- **TASK DETAILS**:
All lines from the one with "LittleFairies】ポルトガルのアンティークな古い刺繡人形-小さな" through the end of the records below are to be given again exactly, and nothing else.

- **DATA**:
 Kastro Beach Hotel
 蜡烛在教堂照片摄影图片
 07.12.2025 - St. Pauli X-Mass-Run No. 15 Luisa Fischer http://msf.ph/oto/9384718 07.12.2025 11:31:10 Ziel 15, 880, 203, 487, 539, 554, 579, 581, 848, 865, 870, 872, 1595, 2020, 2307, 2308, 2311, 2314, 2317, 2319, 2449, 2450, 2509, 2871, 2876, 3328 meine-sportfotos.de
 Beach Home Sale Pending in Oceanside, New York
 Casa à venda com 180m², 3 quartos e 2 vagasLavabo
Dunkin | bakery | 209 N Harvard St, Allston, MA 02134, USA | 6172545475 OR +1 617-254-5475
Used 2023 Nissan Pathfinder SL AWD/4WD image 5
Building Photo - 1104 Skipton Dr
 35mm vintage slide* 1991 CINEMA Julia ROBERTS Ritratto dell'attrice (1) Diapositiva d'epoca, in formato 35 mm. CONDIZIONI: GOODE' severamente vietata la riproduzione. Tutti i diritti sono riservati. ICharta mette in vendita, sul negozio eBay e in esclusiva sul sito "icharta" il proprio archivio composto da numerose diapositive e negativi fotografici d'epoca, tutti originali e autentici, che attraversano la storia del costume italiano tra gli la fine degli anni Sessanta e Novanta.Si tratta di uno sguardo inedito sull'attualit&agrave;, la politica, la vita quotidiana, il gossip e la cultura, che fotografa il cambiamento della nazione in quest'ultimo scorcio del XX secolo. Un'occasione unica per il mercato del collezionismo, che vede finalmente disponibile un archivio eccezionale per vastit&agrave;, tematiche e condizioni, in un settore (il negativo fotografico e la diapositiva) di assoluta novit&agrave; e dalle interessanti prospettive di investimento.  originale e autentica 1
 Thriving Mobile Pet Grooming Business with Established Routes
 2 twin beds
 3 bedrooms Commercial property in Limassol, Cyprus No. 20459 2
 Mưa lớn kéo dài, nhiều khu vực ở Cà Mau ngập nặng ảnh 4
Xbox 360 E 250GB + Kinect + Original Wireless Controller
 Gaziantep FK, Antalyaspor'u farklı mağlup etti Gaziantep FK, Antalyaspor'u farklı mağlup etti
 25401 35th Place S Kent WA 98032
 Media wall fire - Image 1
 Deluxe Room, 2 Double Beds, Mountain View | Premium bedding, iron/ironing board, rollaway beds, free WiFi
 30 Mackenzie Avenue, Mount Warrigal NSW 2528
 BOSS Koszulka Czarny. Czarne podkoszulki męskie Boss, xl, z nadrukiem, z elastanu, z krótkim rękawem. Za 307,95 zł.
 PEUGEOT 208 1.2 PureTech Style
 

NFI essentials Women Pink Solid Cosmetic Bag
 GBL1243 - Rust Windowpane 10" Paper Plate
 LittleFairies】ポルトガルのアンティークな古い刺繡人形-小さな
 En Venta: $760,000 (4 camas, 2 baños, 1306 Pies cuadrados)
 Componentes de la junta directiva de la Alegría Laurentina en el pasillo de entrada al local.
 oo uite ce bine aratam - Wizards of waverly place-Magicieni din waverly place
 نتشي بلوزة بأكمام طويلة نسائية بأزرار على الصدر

- **SOLUTION**:
 LittleFairies】ポルトガルのアンティークな古い刺繡人形-小さな
 En Venta: $760,000 (4 camas, 2 baños, 1306 Pies cuadrados)
 Componentes de la junta directiva de la Alegría Laurentina en el pasillo de entrada al local.
 oo uite ce bine aratam - Wizards of waverly place-Magicieni din waverly place
 نتشي بلوزة بأكمام طويلة نسائية بأزرار على الصدر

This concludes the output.